He pointed to Hungarian policies of full employment and low immigration, both key factors to the country’s success, while dismissing the EU’s insistence that Hungary should take in thousands more migrants.

Orban told an EU summit in Gothenburg this week that each country should manage their own affairs and “we Hungarians do not intend to replace our own model either”.

Viktor Orban is polling at 61 percent, with his Fidesz party the favorite in next year’s vote, while Germany’s open-border enthusiast Angela Merkel, has slipped in the polls to 29 percent.

“The most important danger is the debate between globalists and nations,” Orban had told a conference of Hungarian diaspora in Budapest earlier. “Europe has decided that it can step into a post-Christian and post-nation world.”

Immigration policy will be a key factor shaping the vote, said Orban. Hungary, together with Poland, Slovakia and the Czech Republic, remain largely homogeneous, and have all rejected mandatory EU quotas for housing immigrants. Orban noted that common ground with the next Austrian government in EU debates will also be “easy”.

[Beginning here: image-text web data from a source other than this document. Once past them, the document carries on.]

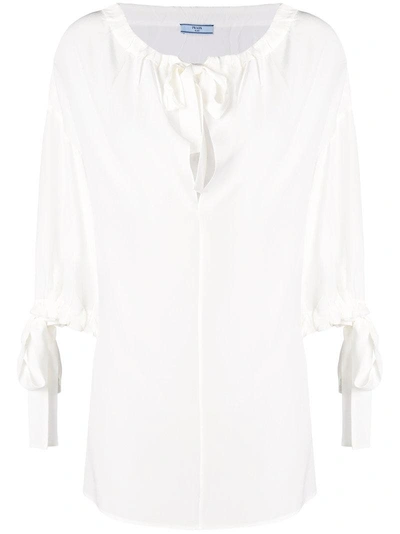 Shop Prada Bow-tied Fitted Blouse - White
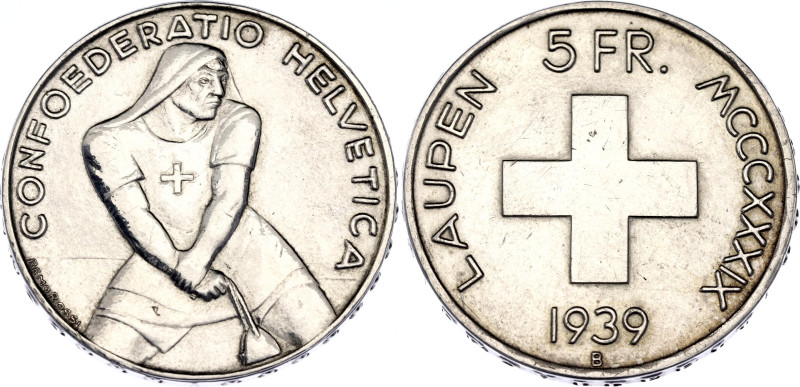 Switzerland 5 Francs 1939 B

KM# 42, N# 27035; Silver; "Laupentaler"; 600th An...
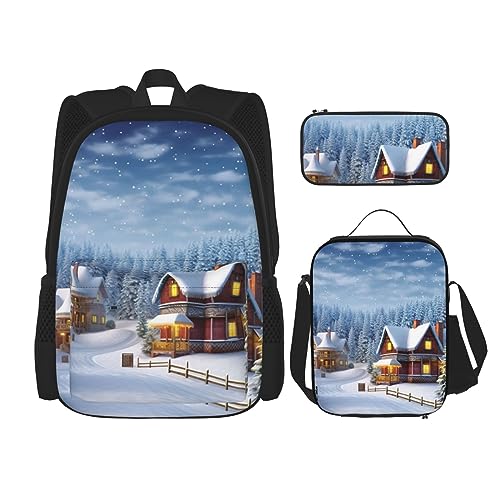 DOFFO Weihnachts-Winter-Rucksack-Set, Reiselaptop-Rucksack für Damen und Herren, lässige Büchertasche mit Lunch-Tasche, Federmäppchen, 3 Stück, Schwarz, Einheitsgröße, Schwarz , Einheitsgröße von DOFFO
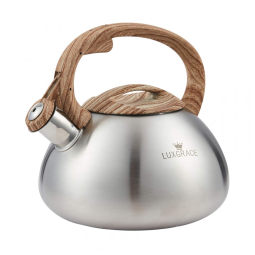 Chaleira LUXGRACE Prata Com Apito 2,08L Aço Inox Alça Madeira Sintética Para Fogão Indução Gás Elétrica
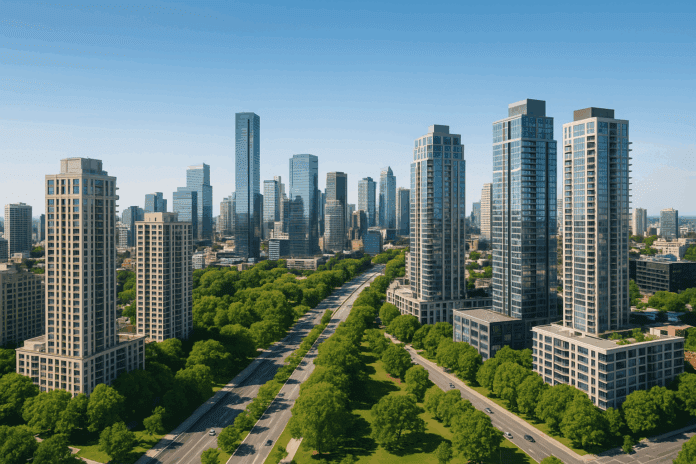 Thriving urban skyline with modern high-rise buildings, lush green spaces, and commercial properties, symbolizing financial growth and property investment success—an ideal representation of 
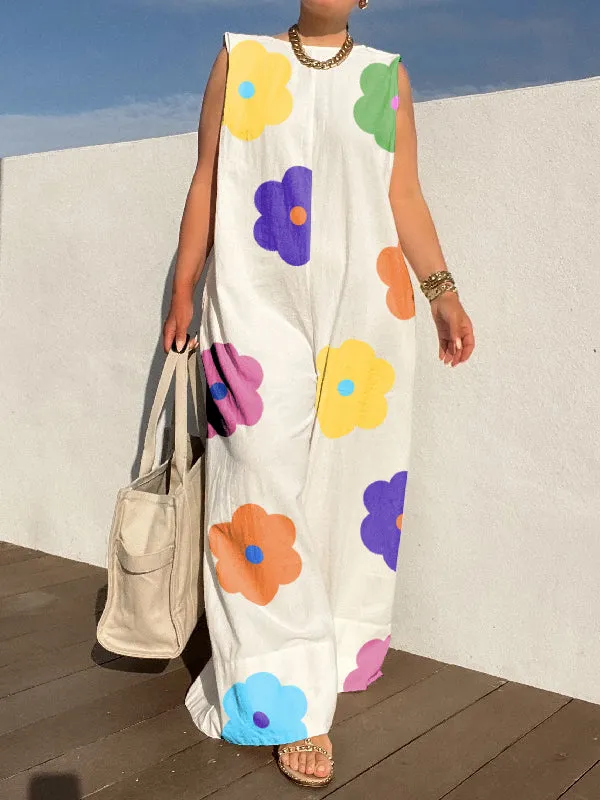 Sleeveless Wide Leg Floral Printed Jumpsuits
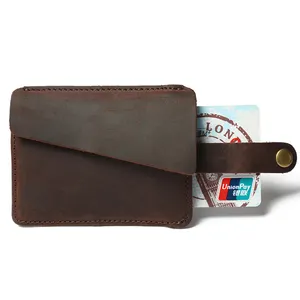 Vintage Cowhide Crazy Horse Leather Wallet Slim RFID Business Pop Up ID Credit Genuine Leather Cardholder Card Holder For Men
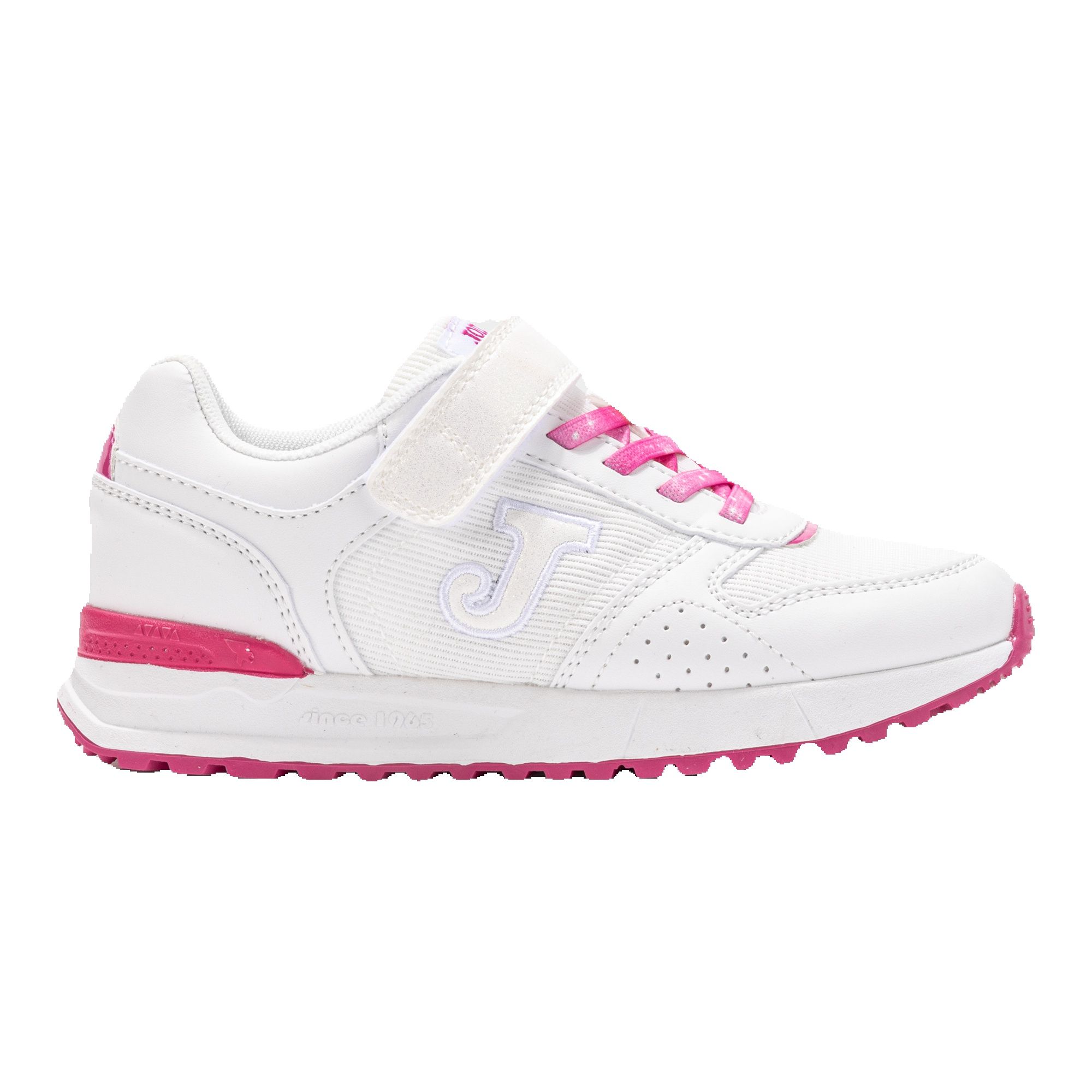 Deportivas para niñas de la marca Joma con velcro mod. J.Tornado JR 2510 en blanco y fucsia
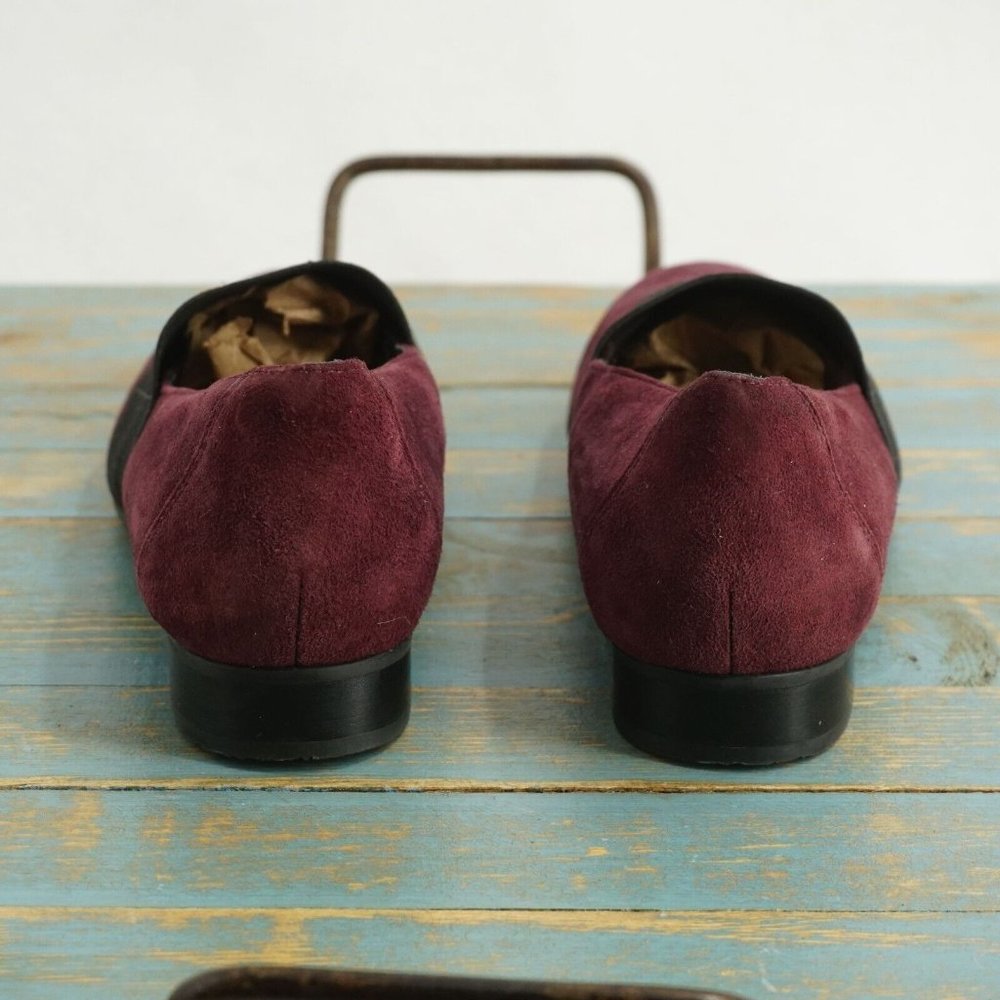 Clarks Unstructured Womens Un Blush Loafers Size 5 M Burgundy Red Black Suede - Picture 7 of 11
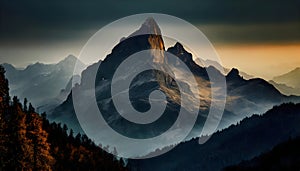 Rocky Mountain Peak Transparent background, surreal, dark, mysterious, fantastic on digital art concept, Generative AI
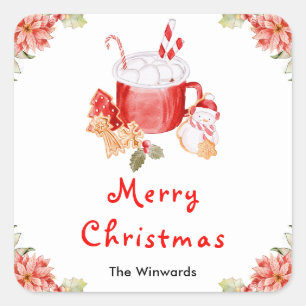 Sticker Carré Cookies de vacances et cacao rouge Joyeux Noël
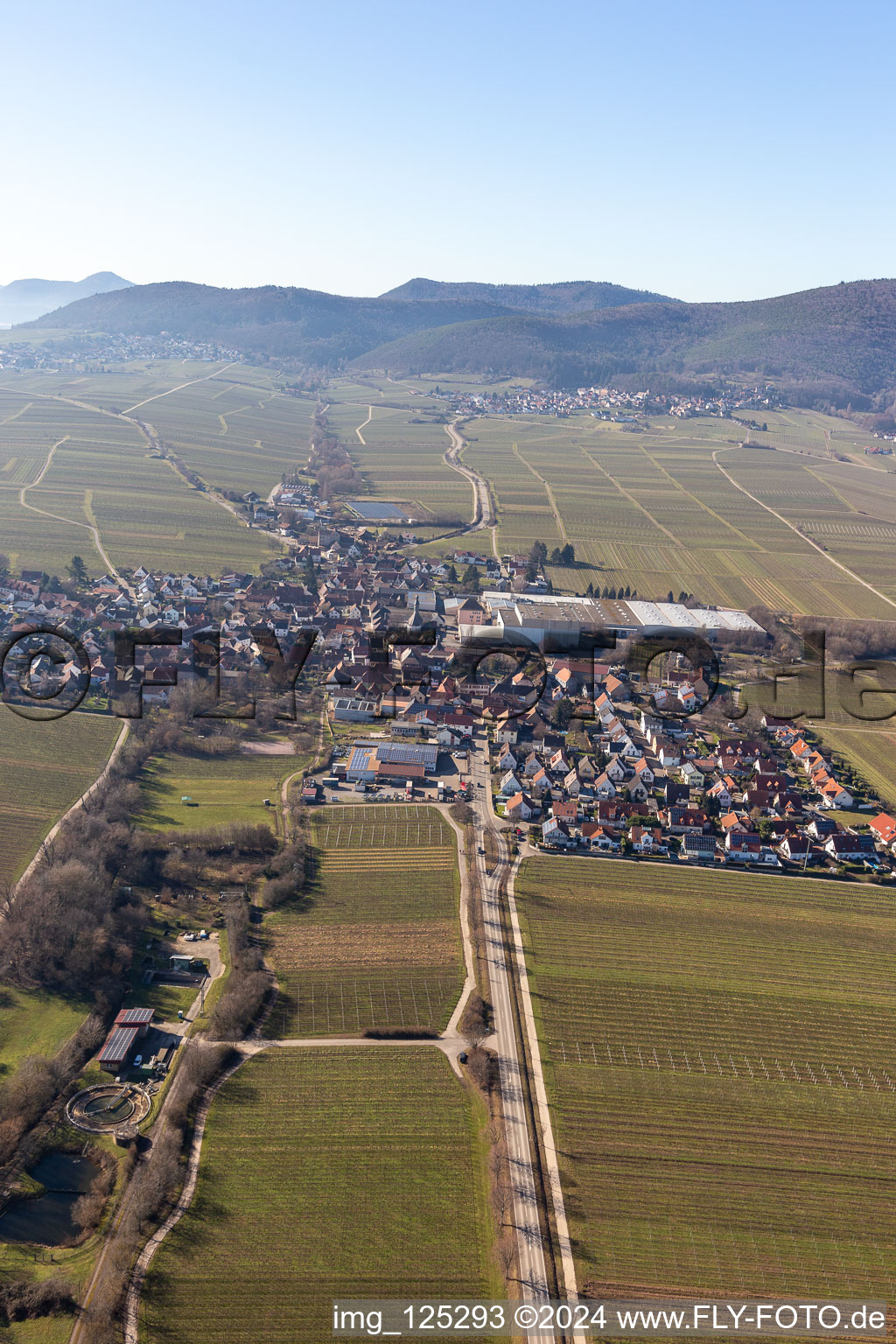 Böchingen in the state Rhineland-Palatinate, Germany viewn from the air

Hungary does not believe immigration will solve its demographic problems of an aging population and a looming labor shortage, Orban had told Bloomberg news earlier. Instead, family-friendly policies to increase the population, make more sense, he said.

It has meanwhile been estimated that migrants could set the German economy back by more than a trillion euros.

Financial economist Bernd Raffelhüschen warned that Germany’s overall debt currently stands at €6.2 trillion. The long term costs of the original migrant crisis totals some €878 billion, but a “second generation” of migants struggling to integrate could push the cost up further.

Raffelhüschen said migrants pay less into the social security system than native Germans during their lifetime, and foreigners have contributed towards a negative fiscal balance.

Even though Germans received higher pensions – since on average they had contributed more during their lifetime – the state still profits more from Germans than from foreigners.

Last year, 2.1 million immigrants entered the country, more than half of them refugees. The economist said only a controlled immigration system to limit the flow of migrants could help to solve Germany’s economic problems.

“Germany can’t afford uncontrolled immigration permanently,” according to Raffelhüschen. “Politicians now have to ensure the best possible integration to at least curb the costs partly.”

The foundation Marktwirschaft also believes Germany is not profiting from the tidal wave of migrants.